8 Mart bütün Dünyada kadınlar günü olarak kutlanıyormuş. Dünyanın en kıymetli varlıklarına senenin bir gününü reva görüp timsah gözyaşı dökenlere hayret ediyorum.
 
Acaba diyorum, dünyanın neresinde bir canlı vardır ki, yüreğindeki fırtınalara, engin sevdalarına, gönül yaralarına göre değil de vücudunu teşhir edişine, onun bunun salyalı ağızlarına meze edilişine göre itibar(!) görür ki?
 
Bu kadınlar günü acaba, sabah kahvaltısını Japonya’da havyar ile öğle yemeğini Paris’te şarap eşliğinde lüks yemeklerle yapanlar için mi varki?
Yada lüks yatlarda, uçsuz bucaksız katlarda gündelik sevgili değiştirip seviyeli(!) ilişki yaşayanlar için mi var?
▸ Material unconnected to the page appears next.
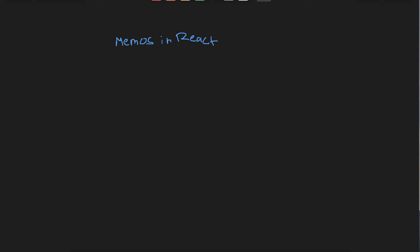Hello and welcome to this lecture. In this lecture, we will be learning about what are memos in React and why they are required.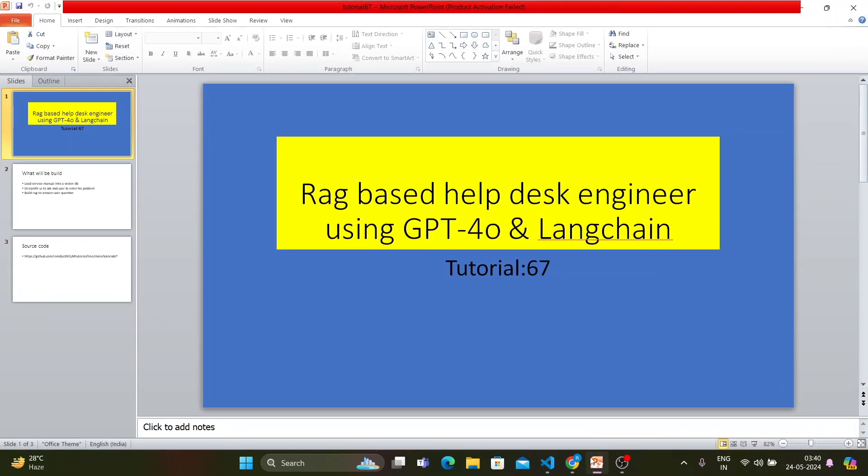What's up guys, this is Ronnie, welcome back to our channel Total Technology Zone. This is tutorial 6-7 and today's topic will be very interesting. In this tutorial I'll show you how to develop a RAG-based helpdesk engineer.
Yoksa kadın hakları dedikleri; zengin, sermaye sahibi, aristokrat diye nitelendirilen mutlu azınlığın pavyonlarda, gazinolarda, diskoteklerde şehevi arzularına kurban ettikleri biçarelere “sus” payı olarak, bir şeylerin susturulması için mi ağababaları tarafından dillendirilmektedir?
 
Bugün kadın hakları diye feryat edenler, hangi kadının hangi hakkını dava etmektedir?
 
Hani İç Anadolu’nun karında kışında yavrusunu soğuk gecenin ayazından korumak için sinesine basan kadının hakkı?
Nerede, yazın kuru sıcağında, ovalarda, dağlarda gözü yaşlı yavrusuna bir lokma götürmek için tırnağını toprağa saplayan ananın hakları?
Nerede kadına, ana yüreği ile yar duygusu ile kardeş sıcaklığı ile bakan, yürekten kadın savunucuları?
 
Nerde kaldı Cudi dağlarında yavrusunu bırakan yiğit şehit anasının hakları?
 
Benim için kadın, Allah’ın mukaddes bir emanetidir. İşte o emanetin saçının telinin kopmasına bile rıza gösteremem. Ama bugün kadın hakları adı altında, feminizm safsatası ile kadınlarımız sömürülmekte, vücutları pazarlanmakta, adi bir meta imiş gibi reklam aracı olarak kullanılmaktadır. Bu anlayışı şiddetle reddediyor ve kınıyorum.
Benim için kadın yüreği merhamet dolu bir ana, Aziziye tabyalarında kahramanlık timsali Nene Hatun, İstiklal Harbindeki Elif’in Kağnısı ile Cepheye mermi taşıyan bir abide, sevdayı en kutsal manası ile anlayıp yalnızca eşi ile yaşayan kutlu bir yardır.
Kadın, Hakan’ın sağ yanında töreli bir duruş, düşmana karşı savaşan bir asker, Efendilerin Efendisi(SAV) için yollara düşen Sümeyye, evladını şefkat ve merhameti ile sarmalayıp ak sütü ile büyüten anadır.
Ben kadını, ayaklarının altına cennet serilmiş bir cennet yolcusu olarak bildim ve bilirim.